In a self-tracking context, you might ask the following questions:

- Have I been exercising more over time?
- Does exercise affect mood? By how much and in what direction?

Linear regression can help address both questions. However, it can only find

*linear* relationships between datasets. Many dynamic processes are *locally linear*

but not *globally linear*. For instance, there are practical limits to how

much you can exercise in a day, so no linear model with non-zero slope will

accurately capture your exercise duration for all time.

### The Data #

You can see the code for this analysis here. I look at only the first

31 days, that being the largest consecutive run for which I have data.

My alcohol consumption did not decrease over time, but rather stayed fairly

constant: with $ R = 0.0098 $, there is no correlation between alcohol and time.

Sugar consumption is a similar story: although the best-fit slope is slightly

negative, $ R = -0.0671 $ indicates no correlation over time. It seems that my

alcohol and sugar consumption were not modified significantly over the tracking

period.

I decided to graph alcohol and sugar together. It looks like they might be

related, as the peaks in each seem to coincide on several occasions. Let's

test this hypothesis:

The positive slope is more pronounced this time, but

$ R = 0.1624 $ still indicates a small degree of correlation. We can also look

at the p-value: with $ p = 0.3827 $, it is fairly easy to write this off as

a random effect.

Finally, let's take another look at a question from

a previous blog post:

On days where I drink heavily, do I drink less the day after?

There's a negative slope there, but the correlation and p-value statistics are

in the same uncertain zone as before. I likely need more data to investigate

these last two effects properly.

## Fast Fourier Transform #

### What? #

Fourier analysis answers this question:

What frequencies comprise this signal?

Given a sequence $ x_n $, a

Discrete Fourier Transform (DFT)

computes

$$

X_k = \sum_{n=0}^{N-1} x_n \cdot e^{\frac{-2 i \pi k n}{N}}

$$

The $ X_k $ encode the amplitude and phase of frequencies

$ \frac{f k}{N} $ Hz, where $ T $ is the time between samples

and $ f = 1 / T $ is the sampling frequency.

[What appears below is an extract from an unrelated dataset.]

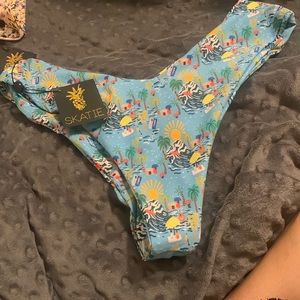 Skatie St Tropez Mandi bottom size large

As described here, the DFT requires $ \mathcal{O}(N^2) $ time to

compute. The Fast Fourier Transform (FFT) uses

divide-and-conquer on this sum of complex exponentials to compute the DFT in

$ \mathcal{O}(N \log N) $ time.

Further speedups are possible for

real-world signals that are sparse in the frequency domain.

### Why? #

In a self-tracking context, you might ask the following questions:

- Do I have regular exercising patterns?
- Do these patterns cycle weekly? bi-weekly? monthly?
- How much does my amount of exercise fluctuate during a cycle?

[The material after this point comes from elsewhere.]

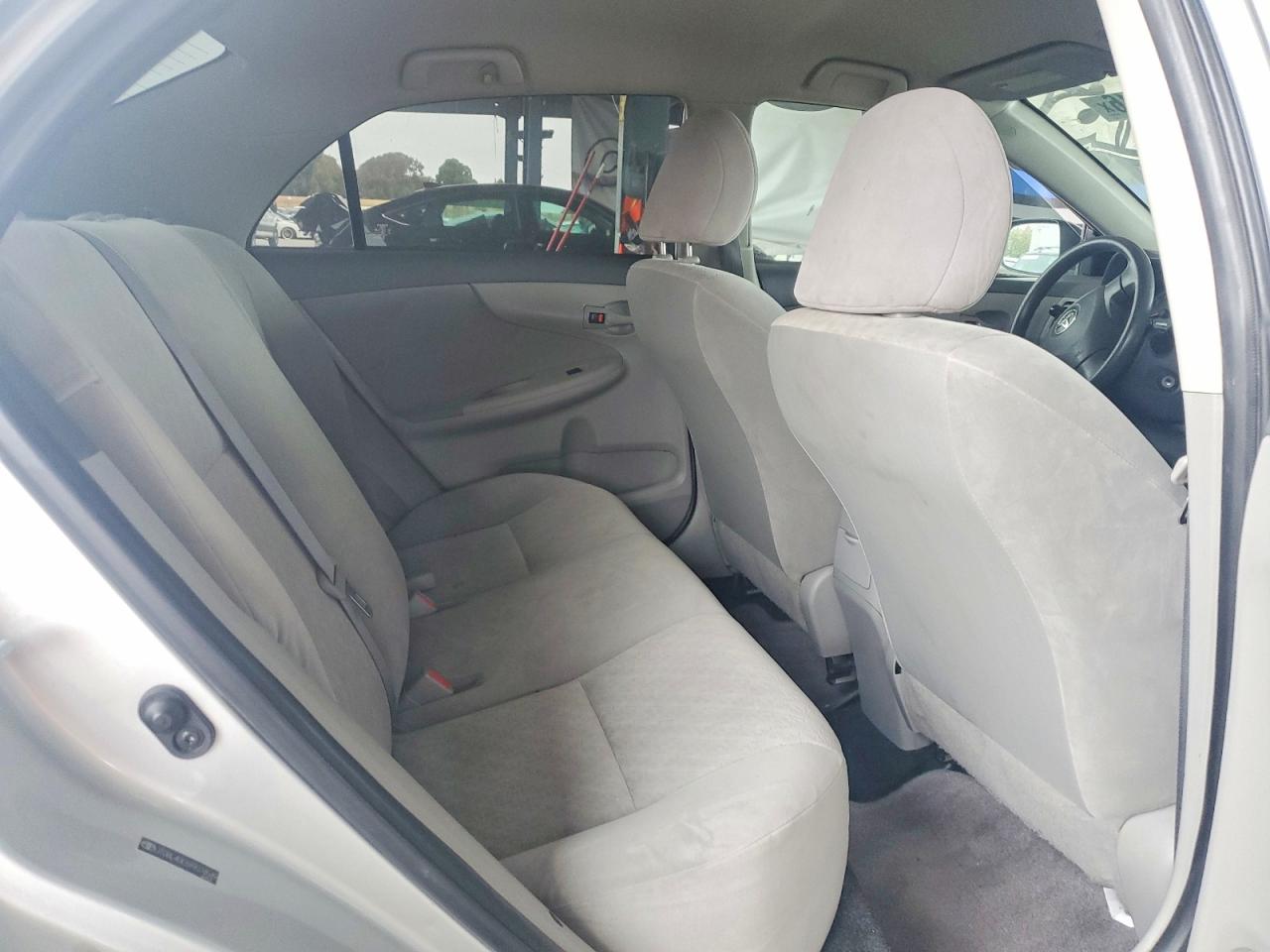 2009 TOYOTA COROLLA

With the FFT, Fourier analysis can help address these questions. However, it

can only find *periodic* effects. Unlike linear regression, it does not help

find *trends* in your data.

### The Data #

You can see the code for this analysis here. Again, I look at the

first 31 days to ensure that the frequency analysis is meaningful.

There are some apparent maxima there, but it's hard to tell what they

mean. Part of the difficulty is that *these are frequencies rather than
period lengths*, so let's deal with that:

```
$ python food_fft.py
food_fft.py:32: RuntimeWarning: divide by zero encountered in divide
for strength, phase, period in sorted(zip(FS, FP, 1.0 / Q))[-5:]:
[2.21 days] 3.0461 (phase=-0.67 days)
[-2.21 days] 3.0461 (phase=-0.67 days)
[7.75 days] 3.1116 (phase=-3.67 days)
[-7.75 days] 3.1116 (phase=-3.67 days)
food_fft.py:33: RuntimeWarning: invalid value encountered in double_scalars
phase_days = period * (phase / (2.0 * math.pi))
[inf days] 18.1401 (phase=nan days)
```

If you're not familiar with the Fourier transform,

the last line might be a bit mysterious. That corresponds to $ X_0 $, which

is just the sum of the original samples:

$$

X_0 = \sum_{n=0}^{N-1} x_n \cdot e^0 = \sum_{n=0}^{N-1} x_n

$$

Other than that, the most pronounced cycles have period lengths of

2.21 days and 7.75 days. The former might be explained by a *see-saw drinking
pattern*, whereas the latter is likely related to the day-of-week effects

we saw in the previous post.

Which day of the week? The phase is -3.67 days, and our sample starts on a

Monday, placing the first peak on Thursday. The period is slightly longer than

a week, though, and the data runs for 31 days, so these peaks gradually shift

to *cover the weekend*.

There are two caveats:

- I have no idea whether a Fourier coefficient of about 3 is significant

here. If it isn't, I'm grasping at straws. - Again, the small amount of data means the frequency domain data is sparse.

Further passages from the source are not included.